Omit the images. Restate all of the records word for word.
________________________
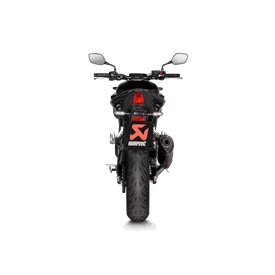 Akrapovic S-H5SO6-HRC Honda NX 500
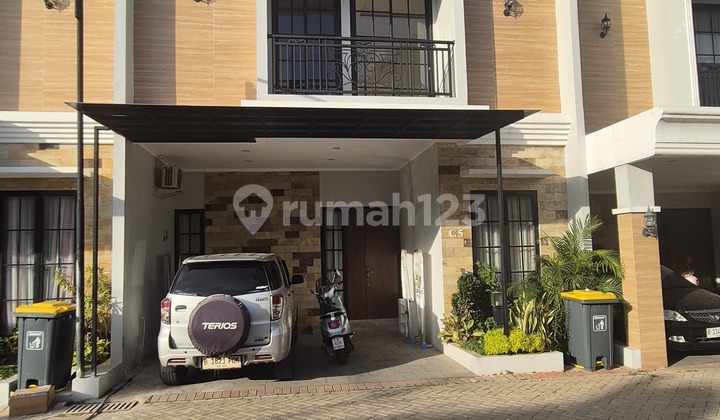 Rumah Siap.huni Dekat Mall.cbd.ciledug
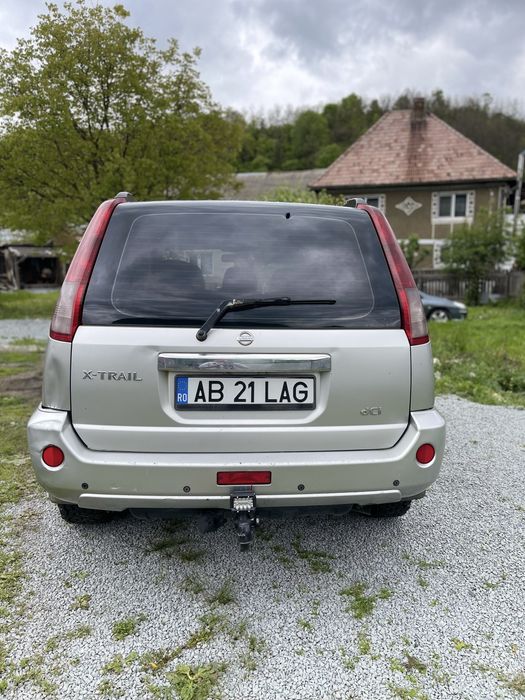 Vand nissan x-trail 2.2 dci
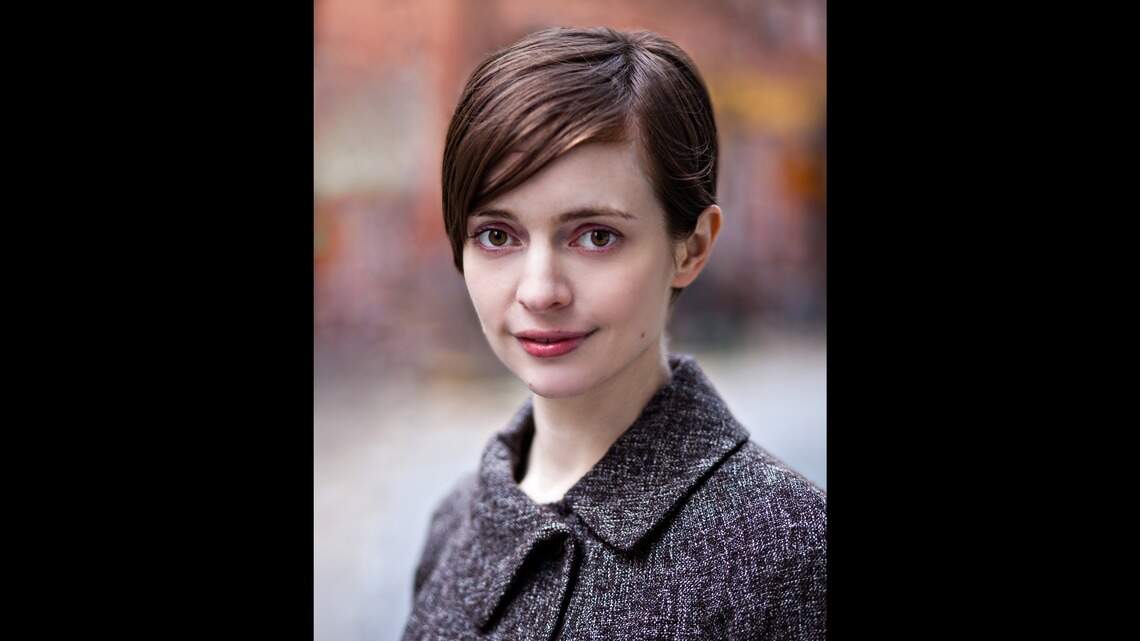 You’ve read the book, Wichita — now see the author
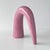 Postmodern Sculptural Ceramic Stiletto Vase For Sale In New York - Image 6 of 8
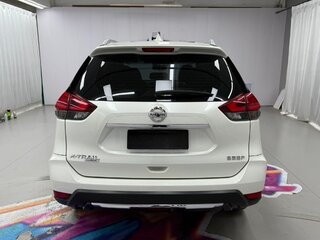2022 Nissan X-Trail III Рестайлинг, белый, 2200000 рублей, вид 4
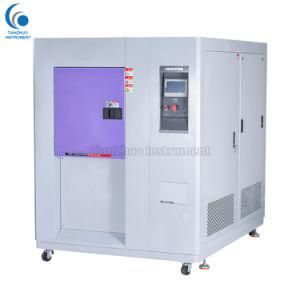 Laboratory Apparatus Programmable Hot Cold Thermal Shock Chamber (TZ-LR80)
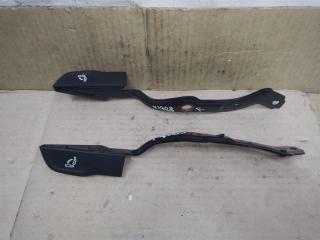 Ручка регулировки спинки сиденья Audi Q5 8R 2009, 2.0 л., TFSI, CDN, бензин, АКПП, черный, внедорожник 5 дв., полный привод, 8R0883251, 8R0883252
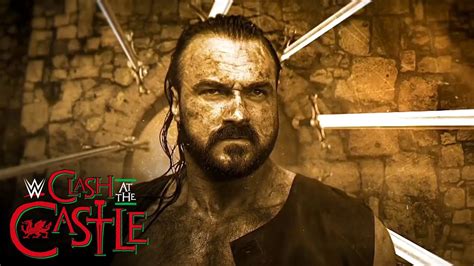 McIntyre Brings Back Broken Dreams Theme WWE Clash At The Castle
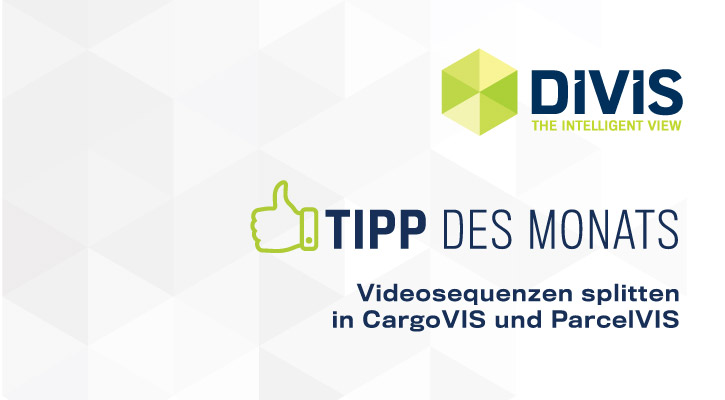 DIVIS-TIPP: Videosequenzen in der DIVIS-Software splitten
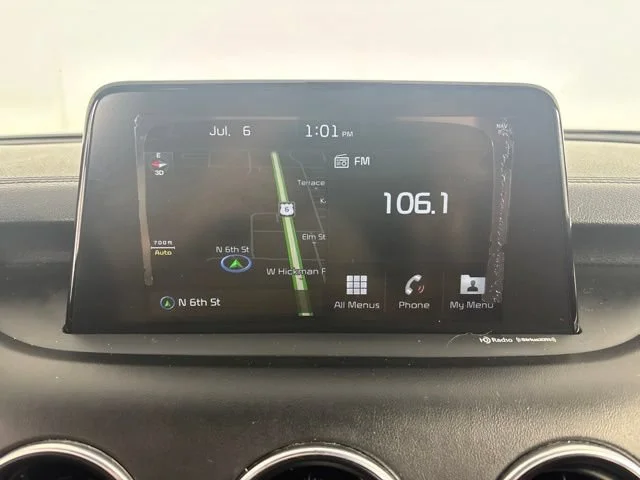 Used 2018 Silver Kia GT1 image 5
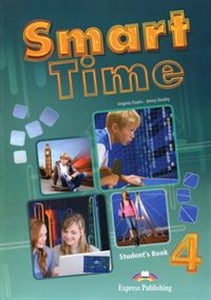 Obrazek Smart Time 4 Student's Book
________________________
◆ RESPONSE AREA
 Akrapovic S-H5SO6-HRC Honda NX 500
 Rumah Siap.huni Dekat Mall.cbd.ciledug
 Vand nissan x-trail 2.2 dci
 You’ve read the book, Wichita — now see the author
 Postmodern Sculptural Ceramic Stiletto Vase For Sale In New York - Image 6 of 8
2022 Nissan X-Trail III Рестайлинг, белый, 2200000 рублей, вид 4
 Laboratory Apparatus Programmable Hot Cold Thermal Shock Chamber (TZ-LR80)
 Ручка регулировки спинки сиденья Audi Q5 8R 2009, 2.0 л., TFSI, CDN, бензин, АКПП, черный, внедорожник 5 дв., полный привод, 8R0883251, 8R0883252
 McIntyre Brings Back Broken Dreams Theme WWE Clash At The Castle
 DIVIS-TIPP: Videosequenzen in der DIVIS-Software splitten
 Used 2018 Silver Kia GT1 image 5
 Obrazek Smart Time 4 Student's Book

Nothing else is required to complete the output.